Un momento, ¿invocación divina? Sí, no es una boutade más de este exorcista profesional, con tendencias suicidas cuando menos se lo esperan sus allegados (sobre todo, sus cuatro hijos, dos de ellos gemelos). Todo le viene de su padre, Colin, una figura que le marcó debido a su permanente sentido de culpa hacia él. Nick Cave se encontraba, con 19 años, en comisaría (una vez más) cuando falleció su progenitor en un accidente de tráfico. Su madre había ido a intentar rescatar a su hijo perdido (literalmente, dado su poblado historial de detenciones y líos judiciales casi siempre relacionados con peleas o asuntos de drogas) y una llamada de teléfono los avisó. Desde entonces, el cantante se fustiga a sí mismo y, si acude a Dios, tiene que ver con esa suerte de terapia que se refleja en las páginas del volumen que nos ocupa, tal es el desgarro existencial de este monarca de los vampiros. Escéptico y nihilista hasta la médula después de haber dado tumbos y de cortarse con las cuchillas de la vida al filo de la navaja.

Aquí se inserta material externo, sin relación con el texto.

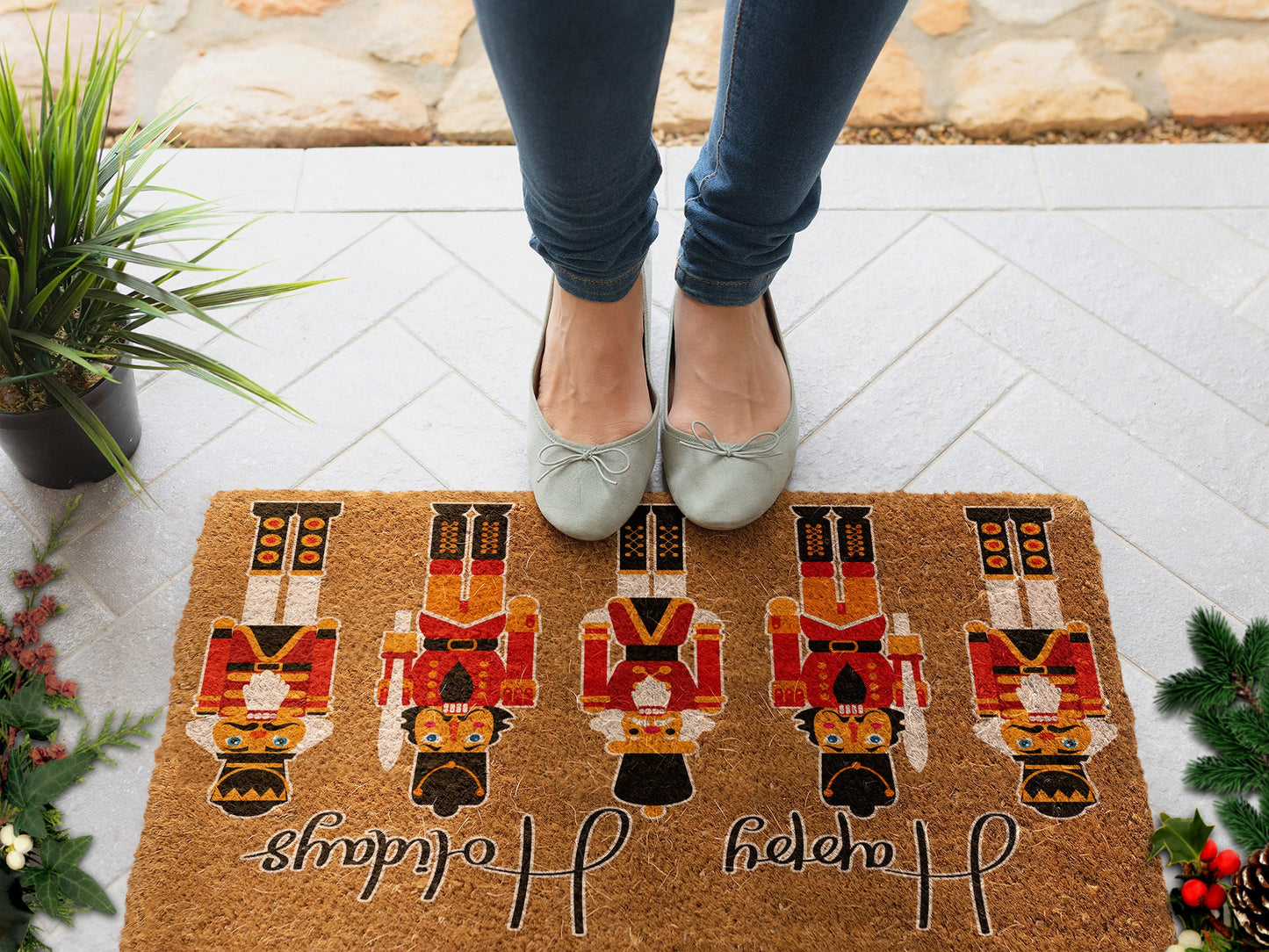 Happy Holidays Nutcracker, Christmas Snow Coir Door Mat, Front Door Mat, Outdoor Mats, Funny Doormat, Welcome Mats, Coir Mats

«Mi padre no pudo apreciar todo lo que sucedió después de su muerte, y sí siento cierto arrepentimiento al respecto. Teniendo en cuenta que lo único que quise hacer era que se sintiera orgulloso de mí... Murió en el momento de mi vida en que más confuso estaba yo», declara desde la perspectiva del tiempo.

Y su actitud vital cambió de la noche a la mañana: «No digo que la gente sea mala; digo que la gente no sirve de ninguna ayuda; en última instancia, no nos servimos para nada los unos a los otros. Lo que trato de comunicar en el álbum The boatman's call [editado en 1997] es que nos tenemos los unos a los otros; pero, al final, no es suficiente. Vivimos encerrados en nuestro propio mundo y en nuestras obsesiones y problemas. Podemos recibir apoyos unos de otros, pero hay cosas que suceden que, simplemente, no se pueden arreglar».

Cave es capaz de zozobrar en el altar de la identidad si, de fondo, gravita la imperfección del ser humano: «En cierto modo, vivir es un acto divino, y tengo la sensación de que la idea de la divinidad es algo que refleja lo bueno que hay en nosotros, algo que se puede reafirmar de infinidad de maneras. No creo que haya que estar implicado en asuntos creativos para mantener un vínculo con la divinidad, ni que yo esté haciendo algo especial. Creo que puedes establecer ese mismo vínculo cortando un trozo de leña, cuidando a tus hijos o haciendo de contable, si es que esas actividades te parecen reconfortantes o te elevan como persona».